If our life on earth was everything, then the death of those we love is the worst disaster imaginable. But if our time on earth is only temporary and leading to something else, then that changes everything. Sooner or later we will catch up with those who have gone before us.


St. Paul writes, ‘If our faith in Christ has been for this life only, then of all people we are the most to be pitied’ (1 Cor 15:19). The whole point of our faith is what it is leading us to.


So what is the purpose of our time on earth? We were created to share in God’s happiness. When we are very happy about something, our instinct is to share it with people. We have a party to celebrate happy events, because we want others to share in our joy. God created us to share in his happiness. After giving our first parents this happiness, which is explained through the story of the Garden of Eden, we lost it, which was not what God wanted for us. So God won it back for us through the death and resurrection of Jesus. Now it is offered to us again, but we must consciously choose it.


Our time on earth is that time of choosing for God or against God; choosing to love or not to love. We are created to love and serve God and to share in his happiness. Our time on earth is meant to be a time of service, to God and the people around us. It is meant to be a time of giving of ourselves, sacrificing ourselves, for the people around us, just as Jesus did.


In St. John’s Gospel, at the last supper, it says that Jesus washed the feet of the Apostles and then He said to them: ‘You call me Teacher and Lord and rightly, for so I am. If I your Lord and teacher have washed your feet, you also should wash one another’s feet.’ (John 13:13-14)


In other words, we are meant to serve and sacrifice of ourselves. It is easy to forget that when we are constantly being told that everything is about our own fulfillment. It is not just about our own fulfilment, although in fact the more we give of ourselves, the more we will be satisfied.


Does it really matter what we do, since God loves everyone and everyone goes to heaven? That is not what Jesus taught. Many times Jesus taught that we must be careful how we live, because it will determine what happens to us after death. We choose for or against God by the way we live. God has created us to be with him in heaven, but it is not a given. It depends on how we live and what we choose.

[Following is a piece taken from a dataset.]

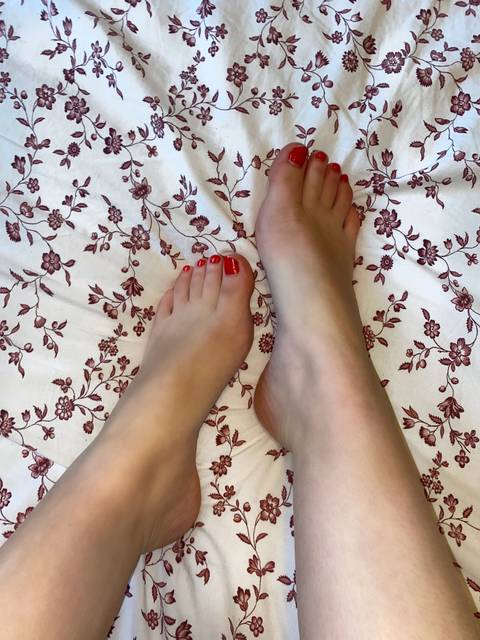 Isis Naomi - isis_naomi OnlyFans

In Matthew 25, Jesus gives the parable of the sheep and the goats, explaining this:

31 When the Son of Man comes in his glory, and all the angels with him, he will sit on his glorious throne. 32 All the nations will be gathered before him, and he will separate the people one from another as a shepherd separates the sheep from the goats. 33 He will put the sheep on his right and the goats on his left.

34 Then the King will say to those on his right, ‘Come, you who are blessed by my Father; take your inheritance, the kingdom prepared for you since the creation of the world. 35 For I was hungry and you gave me something to eat, I was thirsty and you gave me something to drink, I was a stranger and you invited me in, 36 I needed clothes and you clothed me, I was sick and you looked after me, I was in prison and you came to visit me.’

37 Then the righteous will answer him, ‘Lord, when did we see you hungry and feed you, or thirsty and give you something to drink? 38 When did we see you a stranger and invite you in, or needing clothes and clothe you? 39 When did we see you sick or in prison and go to visit you?’

40 The King will reply, ‘Truly I tell you, whatever you did for one of the least of these brothers and sisters of mine, you did for me.’

41 Then he will say to those on his left, ‘Depart from me, you who are cursed, into the eternal fire prepared for the devil and his angels. 42 For I was hungry and you gave me nothing to eat, I was thirsty and you gave me nothing to drink, 43 I was a stranger and you did not invite me in, I needed clothes and you did not clothe me, I was sick and in prison and you did not look after me.’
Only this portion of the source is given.